Gli stadi successivi di sviluppo si ergono come la famosa pila di monete che cito sempre, aggiungendo alla fiducia iniziale il senso di autonomia, oppure aggregando alla sfiducia di base il senso di vergogna e il dubbio. A seconda del modo in cui gli sono state insegnate le regole, il bambino le assimilerà con naturalezza o con frustrazione, sviluppando ulteriormente lo spirito di iniziativa oppure un perenne senso di colpa. L’idea è che il bambino rischia di consolidarsi quel sentimento diffuso di rifiuto lungo la vita ad ogni sgridata ripetuta, ad ogni rimprovero diventato abituale o alla continua violenza verbale o fisica, con drastiche conseguenze sull’autovalutazione del sé.
La formazione dell’identità individuale prosegue
Verso la pubertà le esperienze positive conferiscono al bambino la sensazione di intraprendenza e di audacia, mentre gli ostacoli e le sconfitte saranno la fonte dell’inferiorità e del senso di inadeguatezza. Il problema identitario raggiunge il suo apice durante l’adolescenza, mentre i nuovi bisogni di tipo sessuale scuotono profondamente la pila del sé. In questo momento l’identità può ricevere un valido rinforzo oppure sprofondare nella diffusione identitaria: Non sono diventato la persona che dovevo essere, non sono ancora ciò che sto per diventare, ma non sono neppure ciò che ero.

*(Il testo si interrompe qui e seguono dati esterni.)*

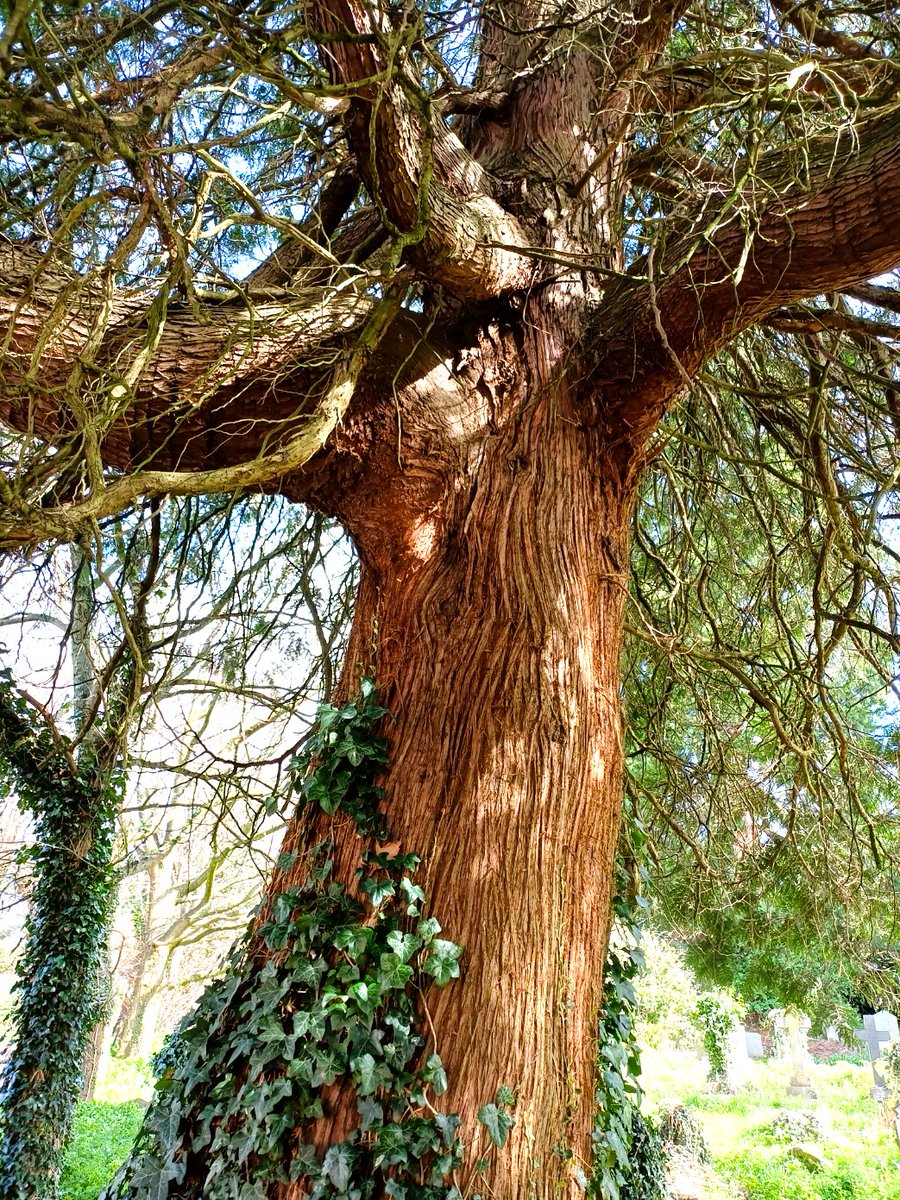 pac1610's tweet photo. From #mywalk for #ThickTrunkTuesday π€ππ³ππ€ @ThePhotoHour #trees #treephotography #NaturePhotography #TreeClub https://t.co/ie5G6GgkRH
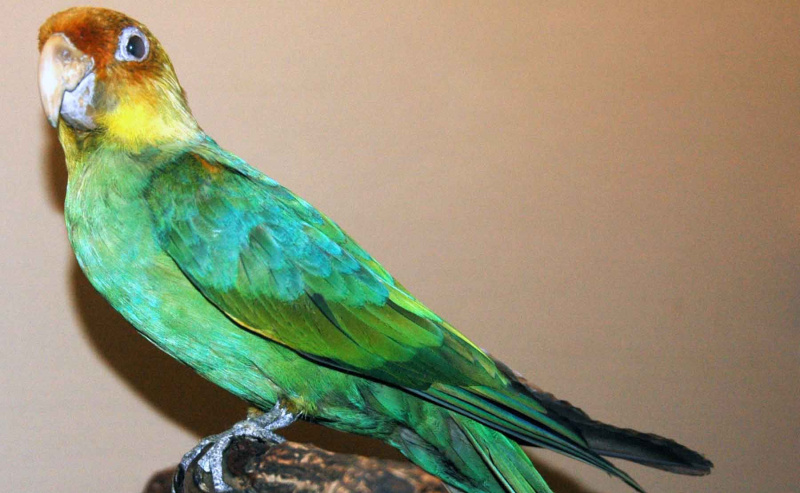 Carolina Parakeet.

La capacità di integrarsi ai gruppi e alle loro regole determinerà la futura evoluzione del Sé, data la vicinanza della prossima sfida identitaria: l’intimità. Nella relazione d’amore avviene il “collaudo” dell’identità, in funzione del modo in cui il giovane saprà gestire i confini del proprio Sé. I due rischi estremi saranno questa volta il perdersi nell’altro, cioè la dissoluzione nei rapporti superficiali verso l’isolamento, il vuoto e la solitudine.
La crescita psicologica porterà poi l’individuo ad investire la sua fede in futuro attraverso la fiducia nella specie e la sua capacità di preoccuparsi per gli altri. Oppure sceglierà di indulgere su sé nella stagnazione, nella noia e nell’auto assorbimento del rifiuto procreativo. Quest’ultima scelta purtroppo sta diventando una tendenza endemica nella società odierna.

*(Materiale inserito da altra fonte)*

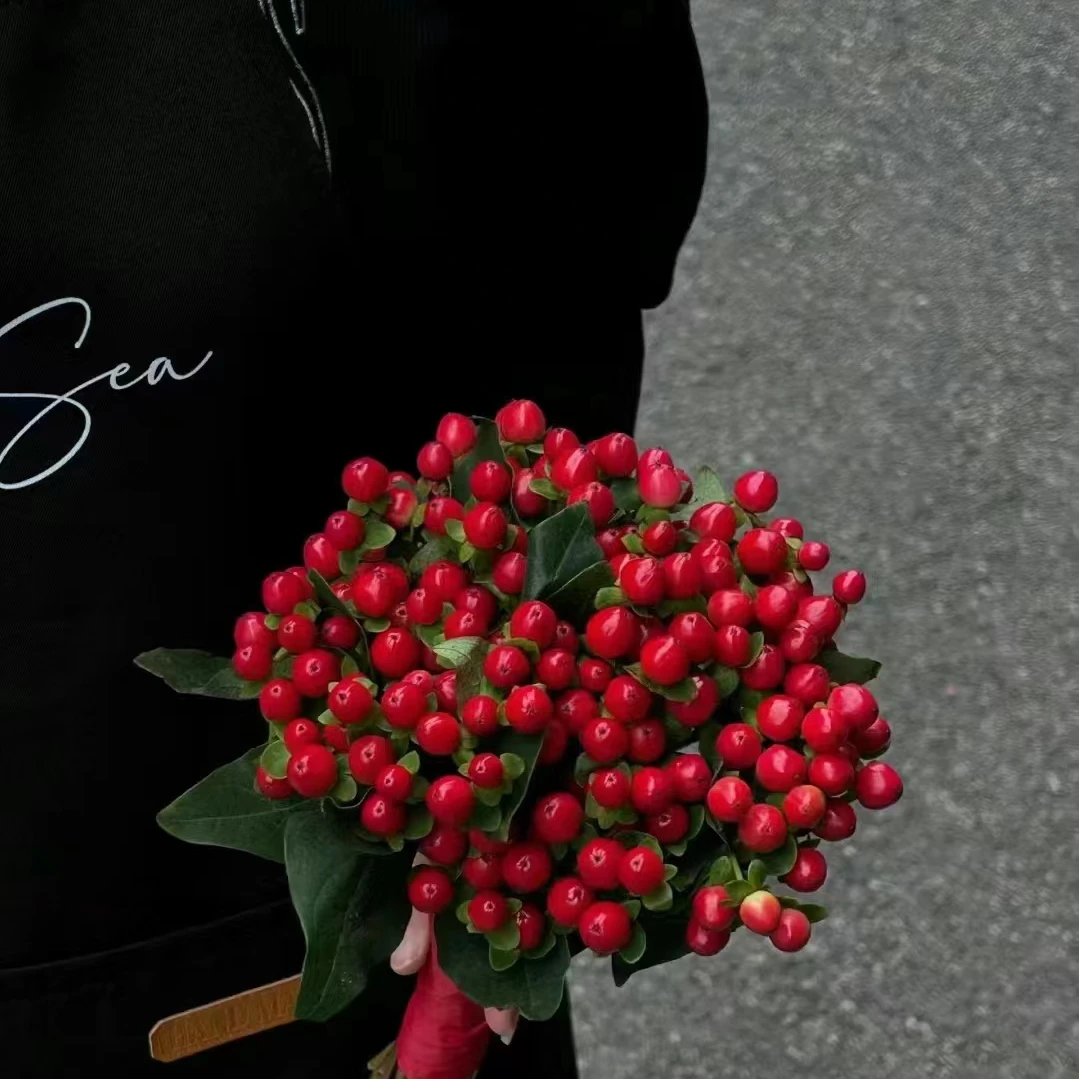 【红豆】火龙珠 鲜花配草 客厅摆放 云南昆明基地直发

L’ultima fase: il Sé Integrale o l’estinzione?
Allo stadio finale dunque l’uomo raggiungerà l’integrità del suo Sé, con l’accettazione dei limiti dell’esistenza e della condizione umana in generale, oppure scivolerà nella paura della morte e nel disgusto per la propria condizione, con la conseguente estinzione.

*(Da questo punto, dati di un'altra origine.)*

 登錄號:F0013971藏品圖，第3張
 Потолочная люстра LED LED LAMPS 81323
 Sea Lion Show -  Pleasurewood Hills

Niente potrà cancellare il rifiuto iniziale, cioè la prima monetina distorta che comprometterà l’equilibrio dell’intera torre identitaria, ma questo senso di rifiuto potrà essere trasformato in una via verso nuovi orizzonti di comunità. Il sentimento di inadeguatezza e di sfiducia può provocare il conformismo nevrotico, la negazione con l’autodistruzione, oppure l’anticonformismo consapevole capace di costruire nuovi modelli di società.
A seconda della scelta individuale, il rifiuto, la vergogna, il senso di colpa e di inferiorità possono essere incanalati o meno verso una modalità migliore, più umana e più inclusiva, di aggregazione sociale. Il futuro può appartenere ai conformisti nevrotici e agli anticonformisti autodistruttivi, che in fondo seguono lo stesso percorso di annientamento, oppure ai divergenti.
Quest’ultimi sono coloro che trovano il coraggio di rinunciare al conformismo senza diminuire la propria autostima, anzi, riuscendo a portare la fiaccola della speranza in una comunità umana diversa da quella di oggi. Una comunità più sensibile verso i bisogni degli altri, più aperta verso la vita e la sua creazione, fiduciosa in un ordine cosmico non più confinato dai dogmi religiosi o dall’ecumenismo demolitore, ma ritornato alla sua fonte d’amore originaria.